SEOUL, Nov. 30 (Yonhap) -- South Korea's central bank held its key interest rate steady for the seventh straight time Thursday as it cut its growth outlook for next year amid uncertainties.

In a widely expected decision, the monetary policy board of the Bank of Korea (BOK) kept the benchmark seven-day repo rate unchanged at 3.5 percent.

This marked the seventh straight time that the BOK has stood pat following rate freezes in February, April, May, July, August and October. The rate freezes came after the BOK delivered seven consecutive rate hikes from April 2022 to January 2023.

The central bank maintained its growth estimate for the year at 1.4 percent but slashed next year's to 2.1 percent from 2.2 percent. It also jacked up the inflation forecast for next year to 2.6 percent from its earlier estimate of 2.4 percent.

South Korea's economy has been dogged by slumping exports and sluggish consumer spending. For the year, the central bank has expected Asia's fourth-largest economy to expand 1.4 percent, but it is still unclear whether such a forecast will be achieved in the face of a still murky economic outlook.
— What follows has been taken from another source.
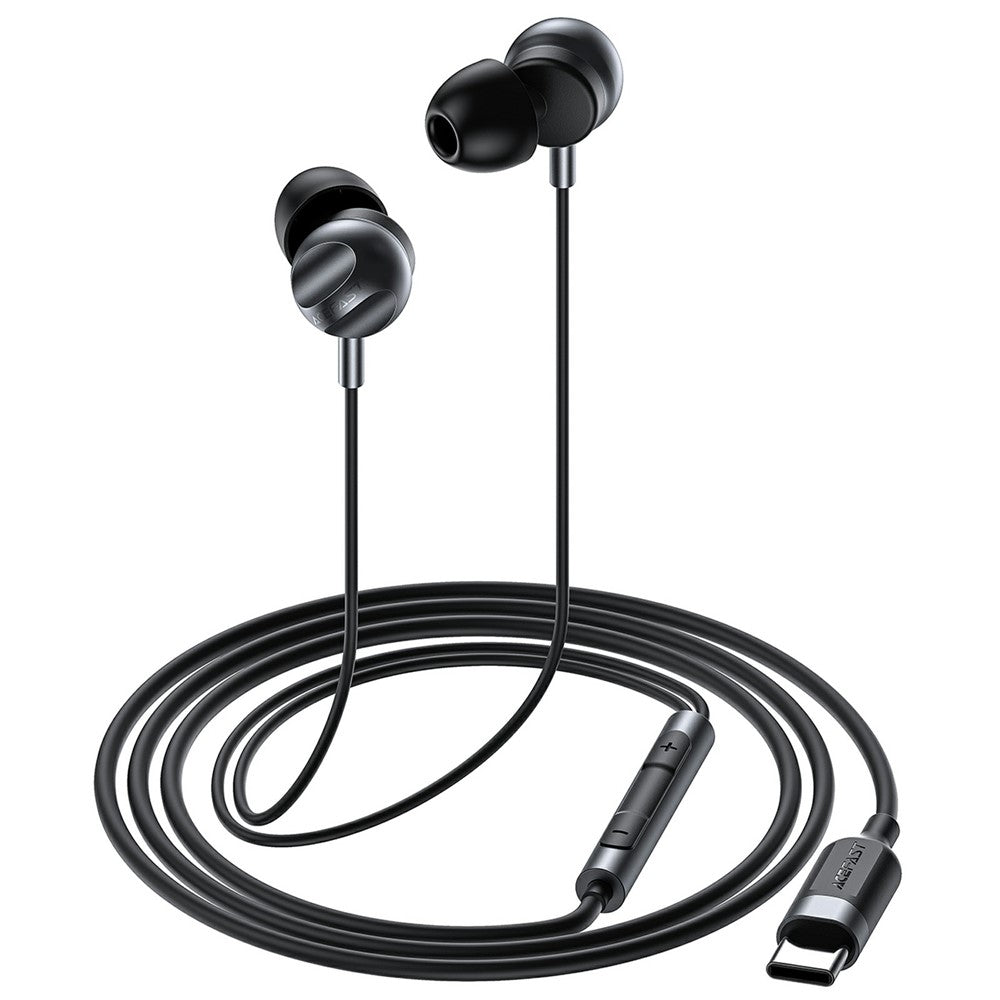 Casti Acefast L6, USB-C, In-ear, Negru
Weak global demand, led by China's slowing economy, and a delay in the recovery of the IT sector have been blamed for a slump in the country's outbound shipments, one of the country's growth drivers.

But recently, the country's exports have shown signs of recovering.

The country's exports rebounded for the first time in 13 months in October, driven by robust auto shipments, along with signs of an improvement in the chip sector.

Outbound shipments moved up 5.1 percent on-year to US$55 billion last month and logged a trade surplus of $1.64 billion in October, the fifth straight gain.

The economy grew 0.3 percent, 0.3 percent and 0.6 percent, respectively, in the first, second and third quarters.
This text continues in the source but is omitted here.